● Exercise objective
Transcribe the entries that follow exactly as they appear, minus pictures.

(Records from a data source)
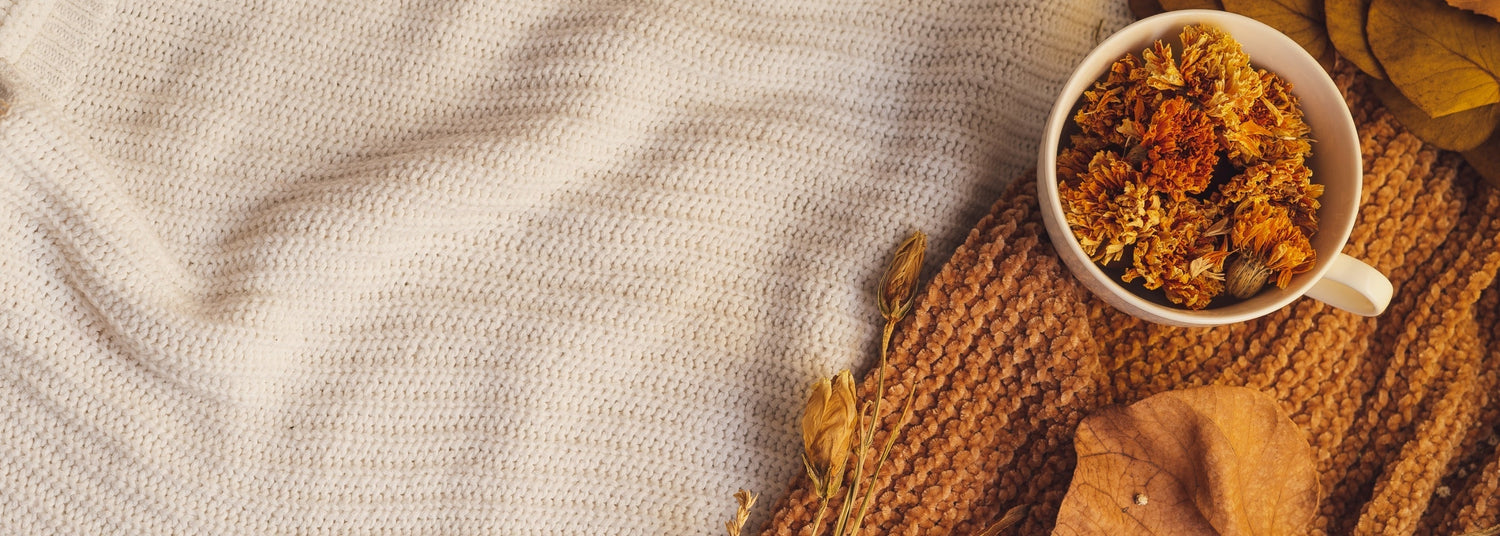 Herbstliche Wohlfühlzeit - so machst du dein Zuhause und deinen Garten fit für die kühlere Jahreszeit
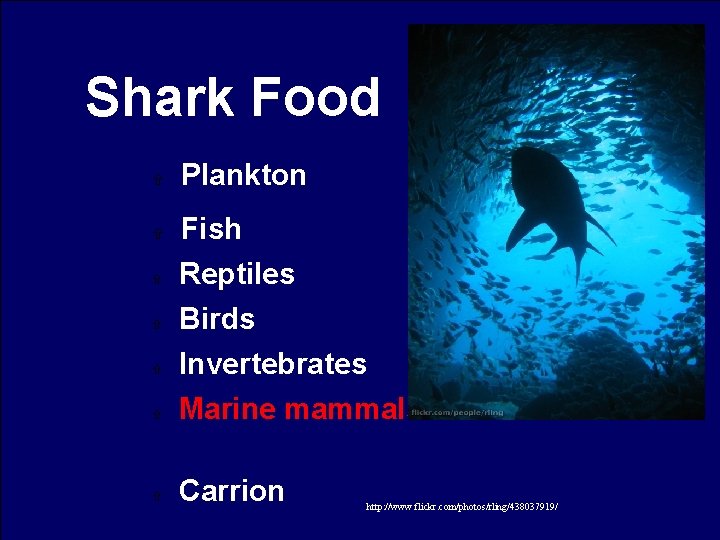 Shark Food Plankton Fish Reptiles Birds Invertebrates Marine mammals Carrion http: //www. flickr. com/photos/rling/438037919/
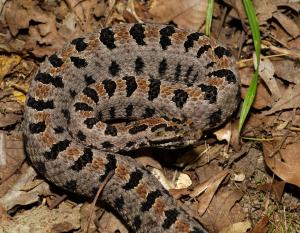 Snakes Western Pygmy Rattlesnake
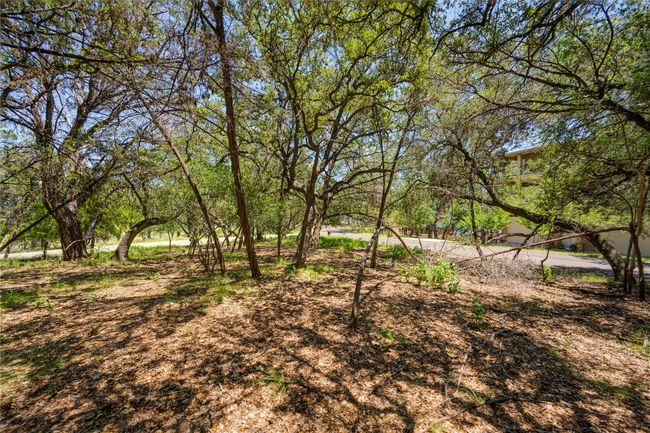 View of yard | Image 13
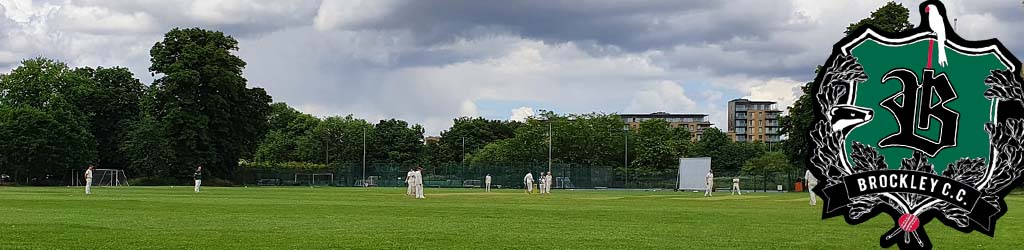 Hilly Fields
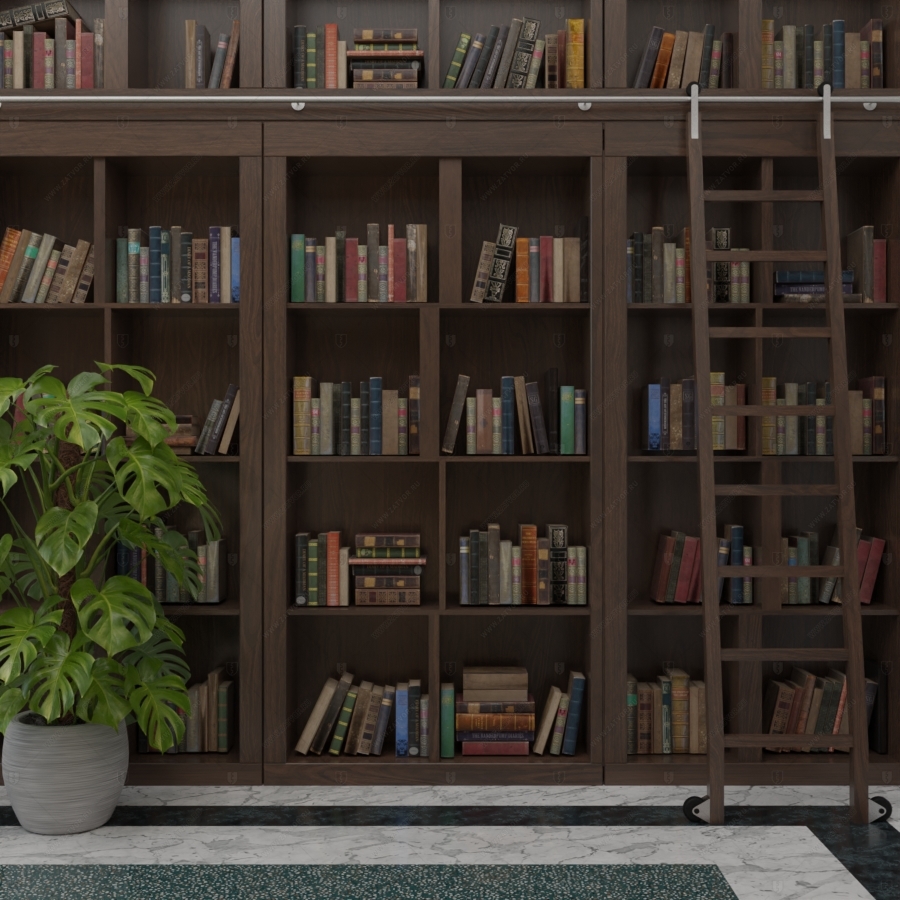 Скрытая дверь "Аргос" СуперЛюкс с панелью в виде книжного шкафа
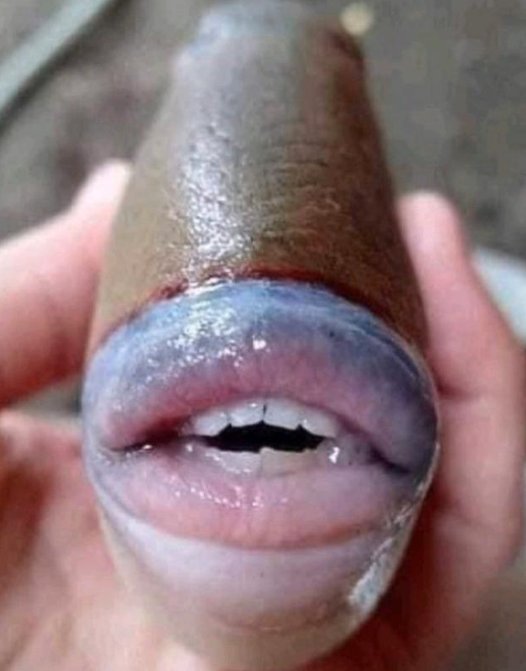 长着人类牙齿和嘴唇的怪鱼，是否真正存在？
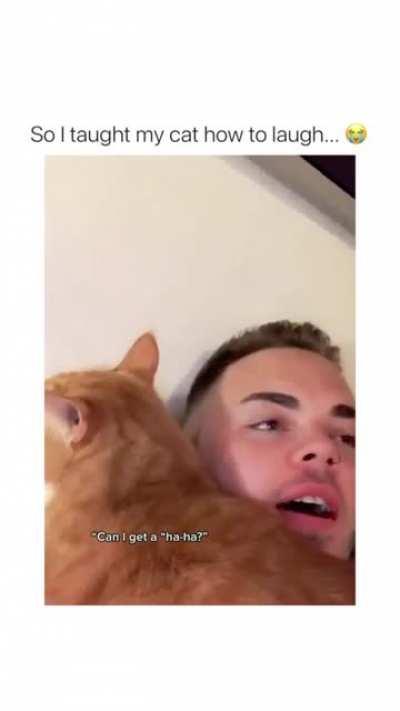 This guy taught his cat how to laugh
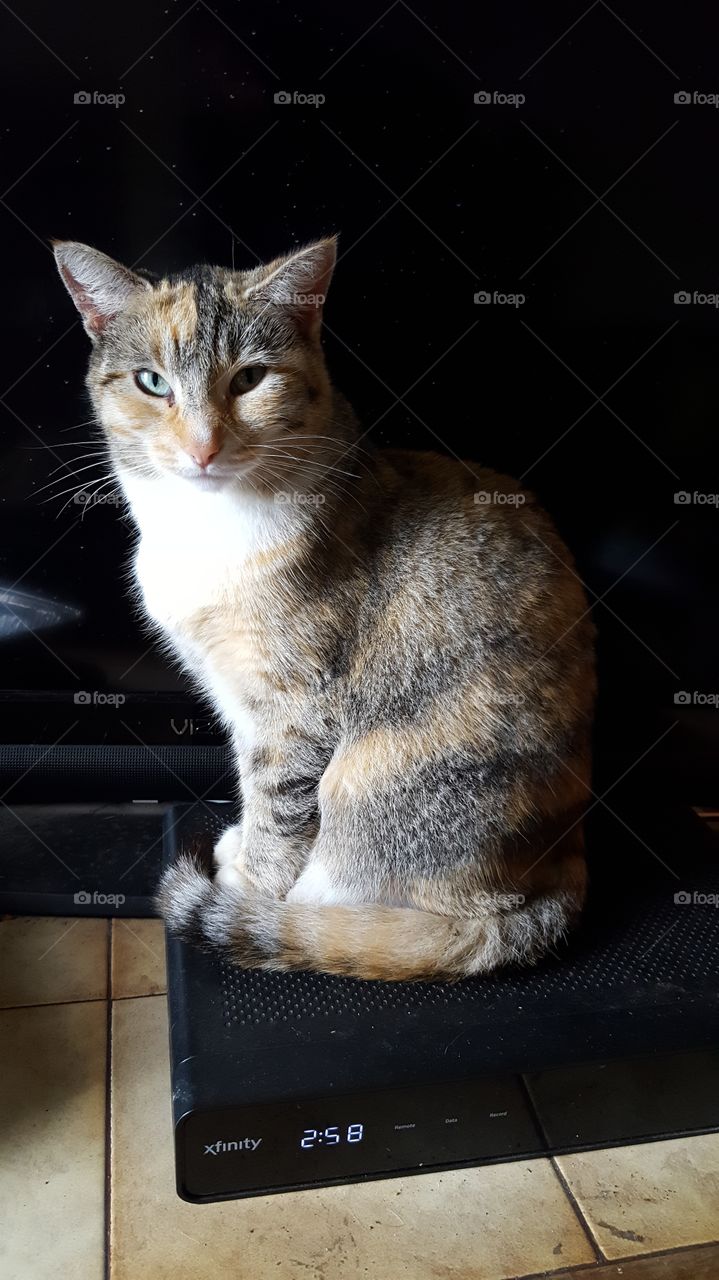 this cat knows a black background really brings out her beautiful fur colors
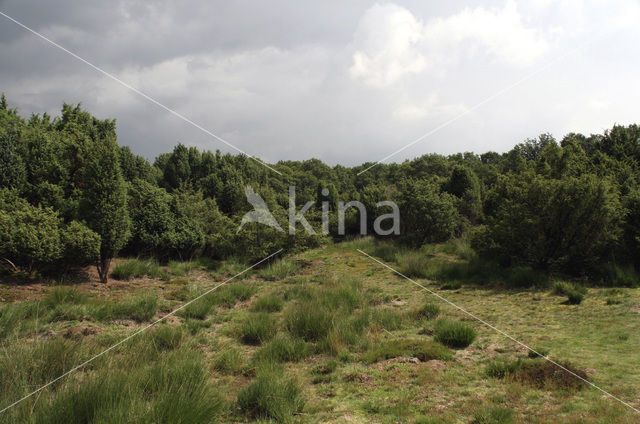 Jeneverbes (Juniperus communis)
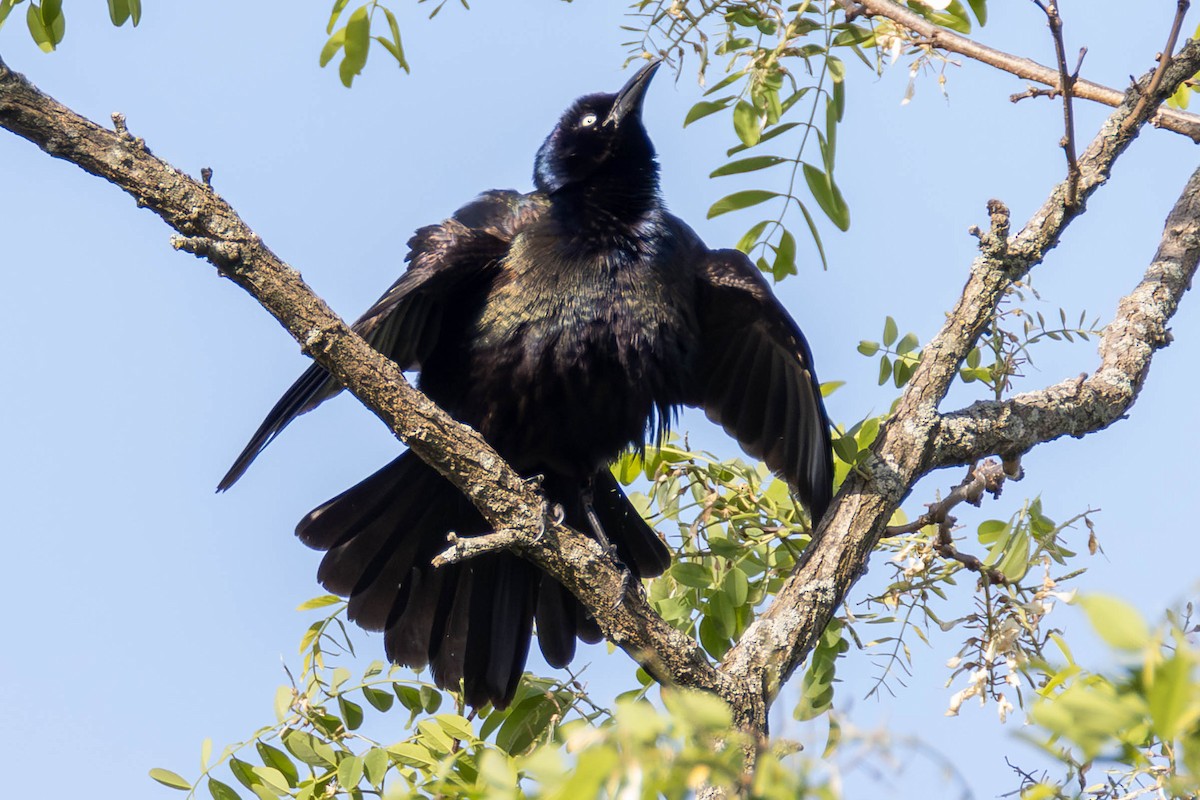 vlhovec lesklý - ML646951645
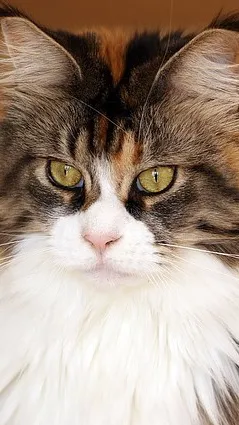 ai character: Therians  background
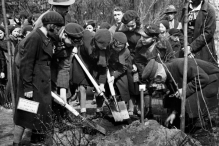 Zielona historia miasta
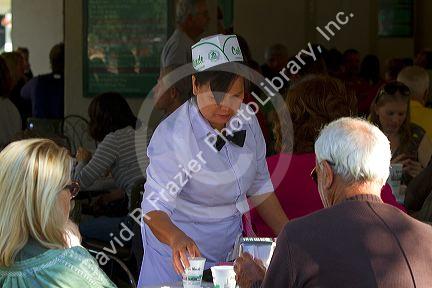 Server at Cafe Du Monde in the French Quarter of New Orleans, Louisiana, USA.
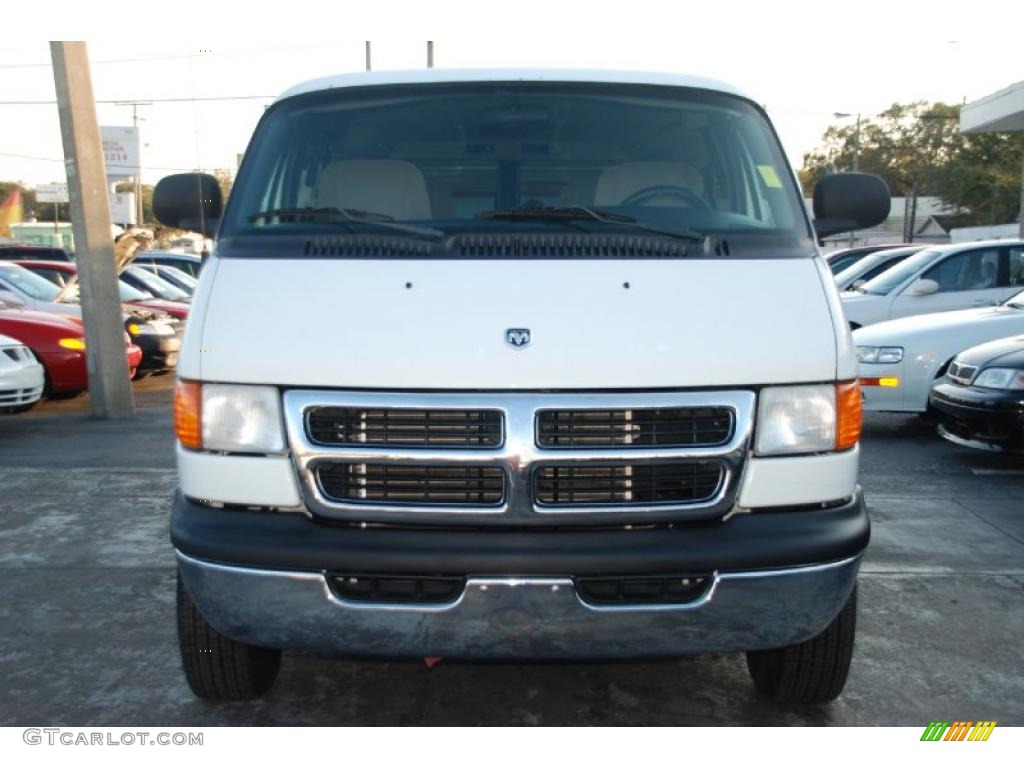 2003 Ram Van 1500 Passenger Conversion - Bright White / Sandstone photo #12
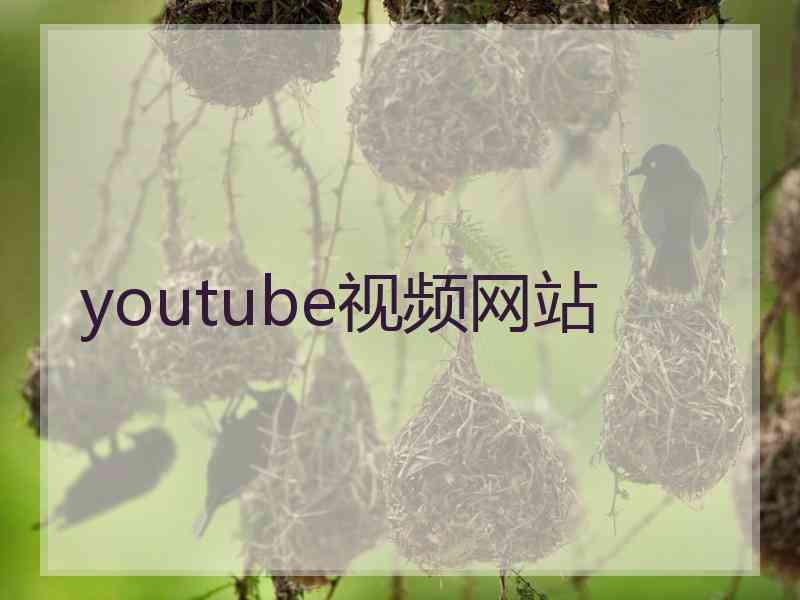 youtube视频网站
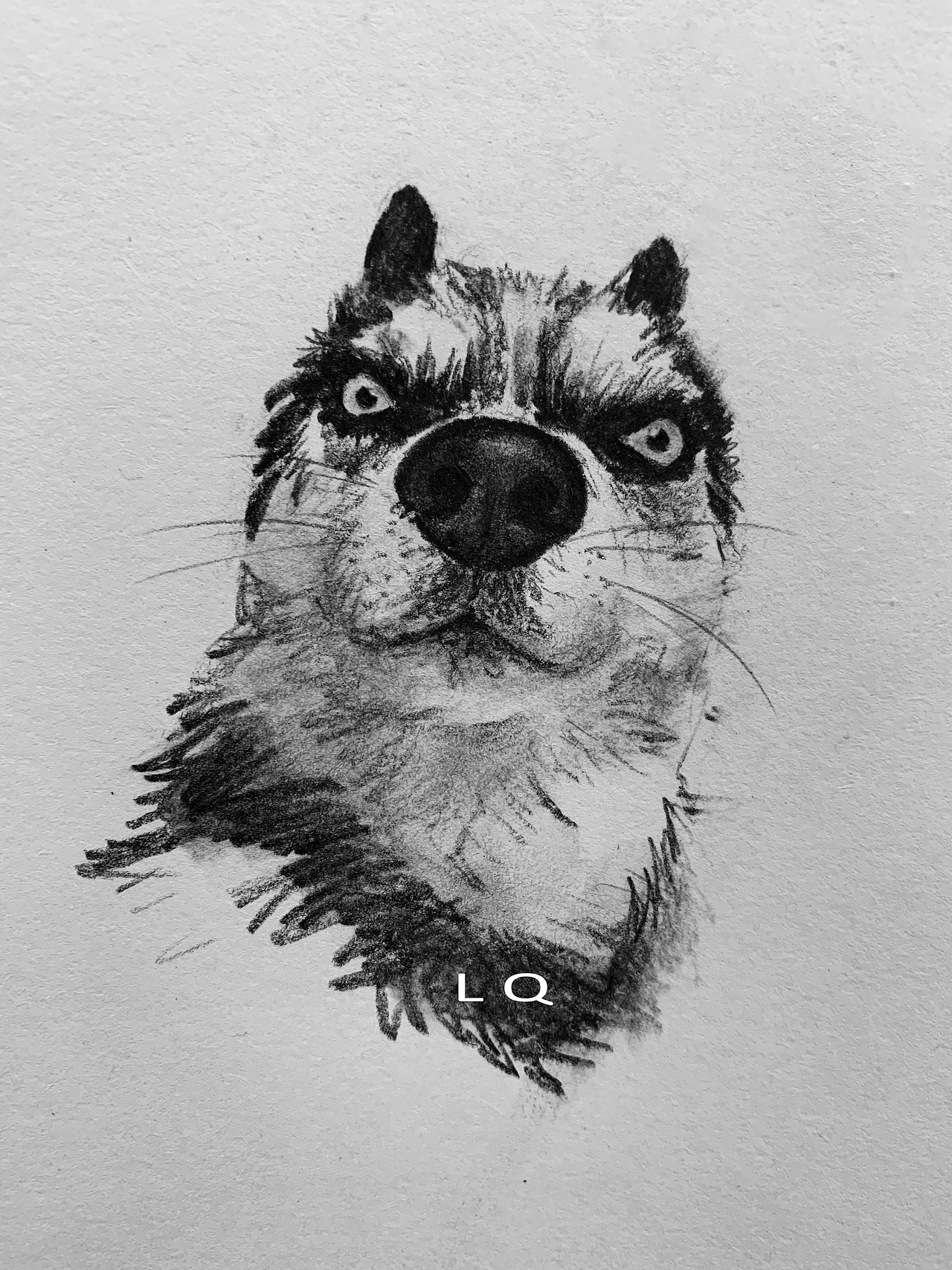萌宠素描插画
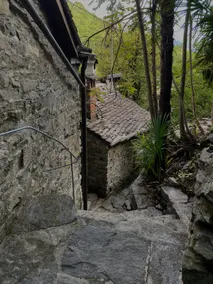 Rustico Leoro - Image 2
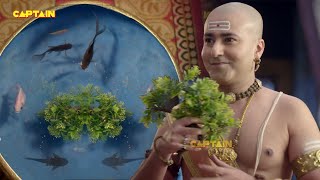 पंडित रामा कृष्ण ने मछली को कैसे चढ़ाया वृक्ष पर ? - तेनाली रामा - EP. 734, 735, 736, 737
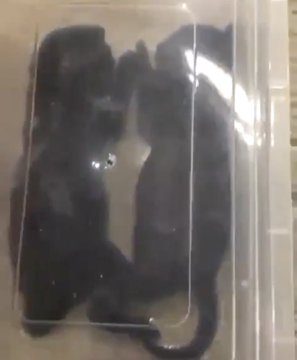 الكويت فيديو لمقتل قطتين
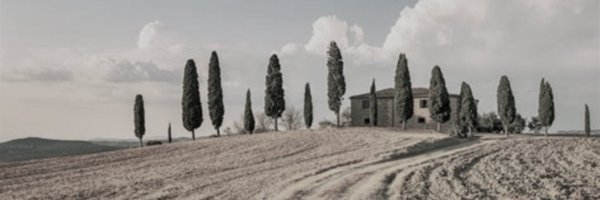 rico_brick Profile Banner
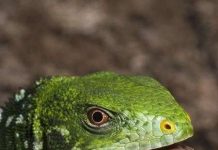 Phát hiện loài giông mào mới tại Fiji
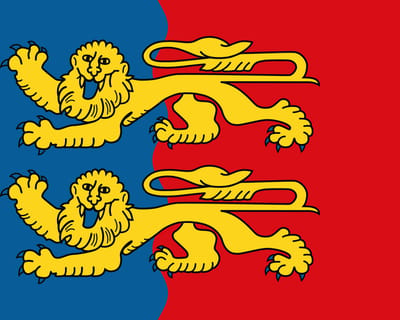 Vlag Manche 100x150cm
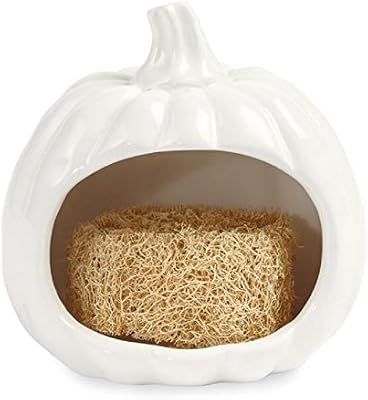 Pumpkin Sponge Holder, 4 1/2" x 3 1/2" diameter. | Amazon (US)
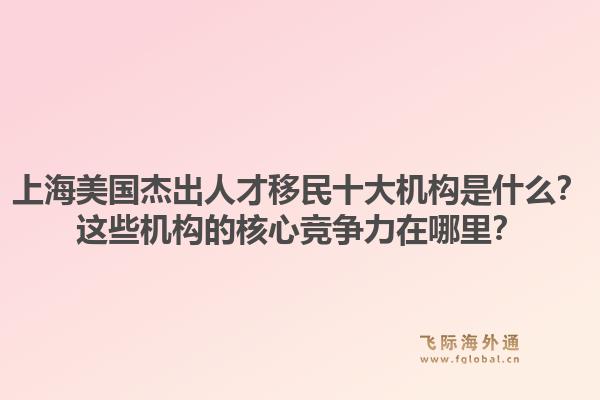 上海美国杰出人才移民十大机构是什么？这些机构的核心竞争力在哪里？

● Response to this exercise
 Herbstliche Wohlfühlzeit - so machst du dein Zuhause und deinen Garten fit für die kühlere Jahreszeit
 Shark Food Plankton Fish Reptiles Birds Invertebrates Marine mammals Carrion http: //www. flickr. com/photos/rling/438037919/
 Snakes Western Pygmy Rattlesnake
 View of yard | Image 13
 Hilly Fields
 Скрытая дверь "Аргос" СуперЛюкс с панелью в виде книжного шкафа
 长着人类牙齿和嘴唇的怪鱼，是否真正存在？
 This guy taught his cat how to laugh
 this cat knows a black background really brings out her beautiful fur colors
 Jeneverbes (Juniperus communis)
 vlhovec lesklý - ML646951645
 ai character: Therians  background
 Zielona historia miasta
 Server at Cafe Du Monde in the French Quarter of New Orleans, Louisiana, USA.
 2003 Ram Van 1500 Passenger Conversion - Bright White / Sandstone photo #12
 youtube视频网站
萌宠素描插画
 Rustico Leoro - Image 2
 पंडित रामा कृष्ण ने मछली को कैसे चढ़ाया वृक्ष पर ? - तेनाली रामा - EP. 734, 735, 736, 737
 الكويت فيديو لمقتل قطتين
 rico_brick Profile Banner
 Phát hiện loài giông mào mới tại Fiji
 Vlag Manche 100x150cm
 Pumpkin Sponge Holder, 4 1/2" x 3 1/2" diameter. | Amazon (US)
 上海美国杰出人才移民十大机构是什么？这些机构的核心竞争力在哪里？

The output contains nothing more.